Print the data exactly. Omit the pictures.

━━━ Provided data

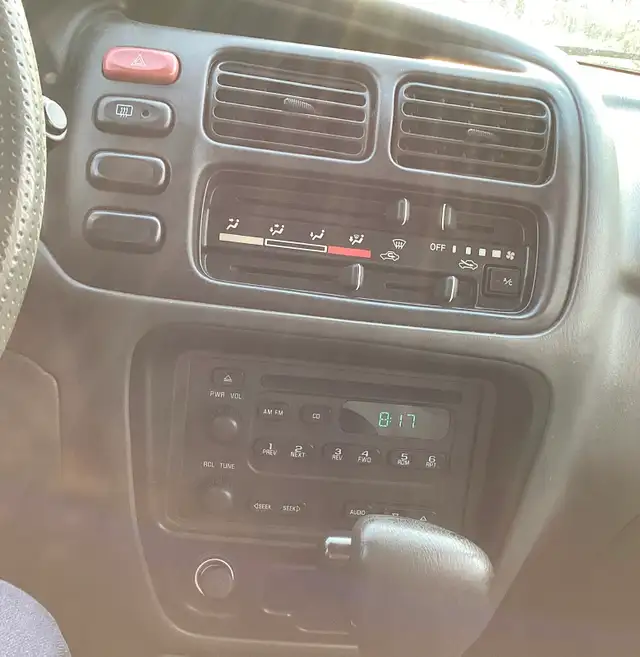 2000 CHEVY TRACKER 4x4 - Photo 9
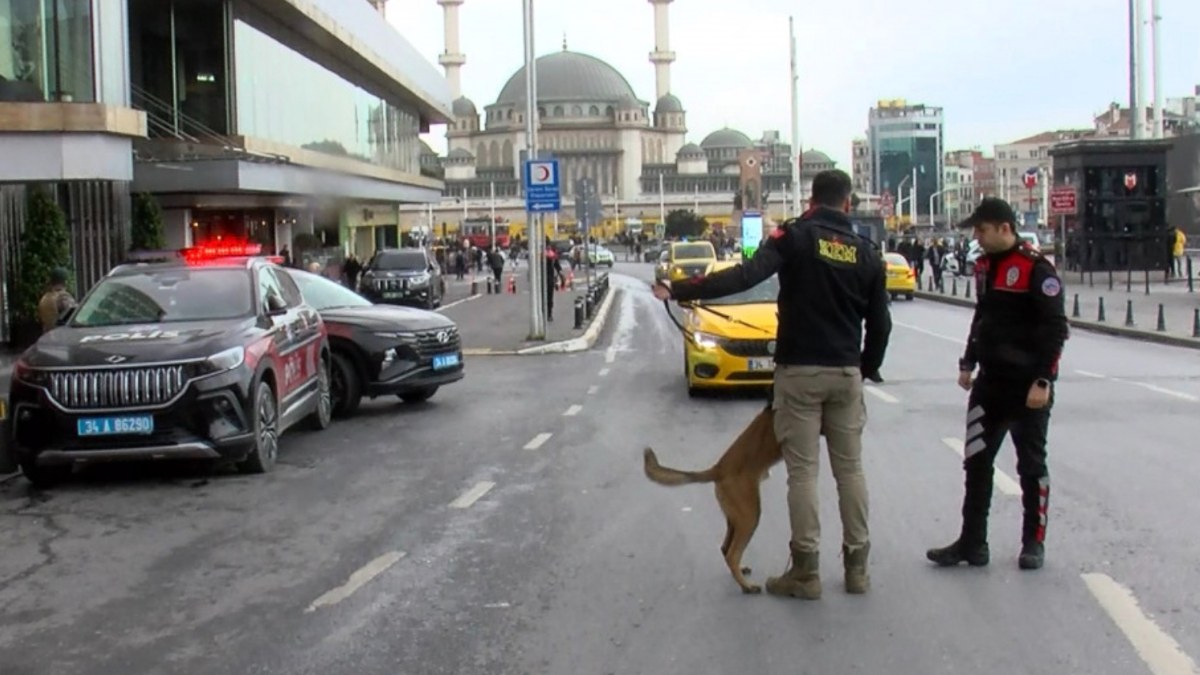 İstanbul'da helikopter destekli asayiş uygulaması: Araçlar didik didik arandı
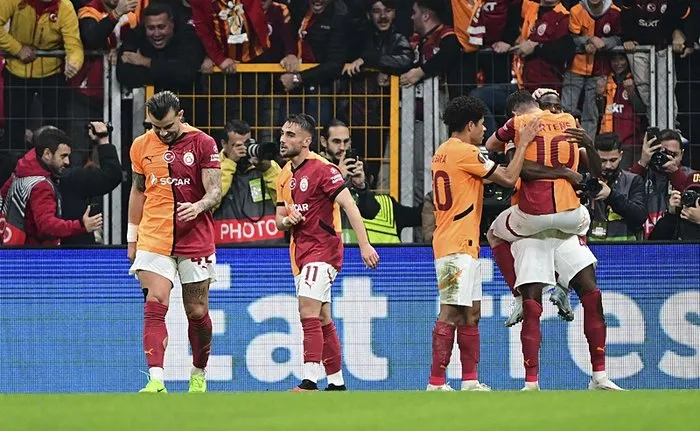 galatasaray-tottenham-cimbom-osimhen-ile-farka-gidiyor-1731004225930.jpeg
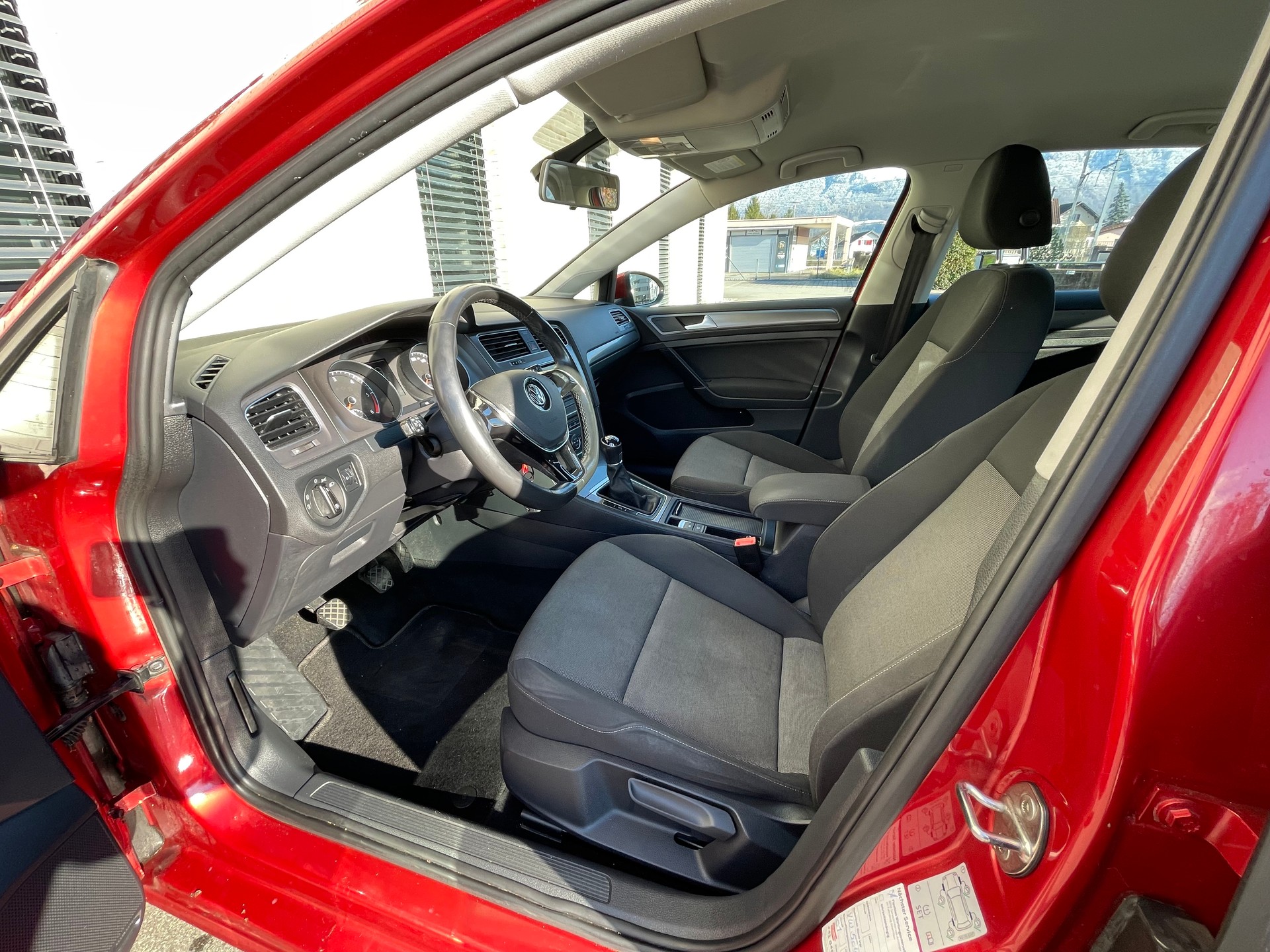 VW GOLF-image-12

━━━━━━

▶ **Your response**
 2000 CHEVY TRACKER 4x4 - Photo 9
 İstanbul'da helikopter destekli asayiş uygulaması: Araçlar didik didik arandı
 galatasaray-tottenham-cimbom-osimhen-ile-farka-gidiyor-1731004225930.jpeg
 VW GOLF-image-12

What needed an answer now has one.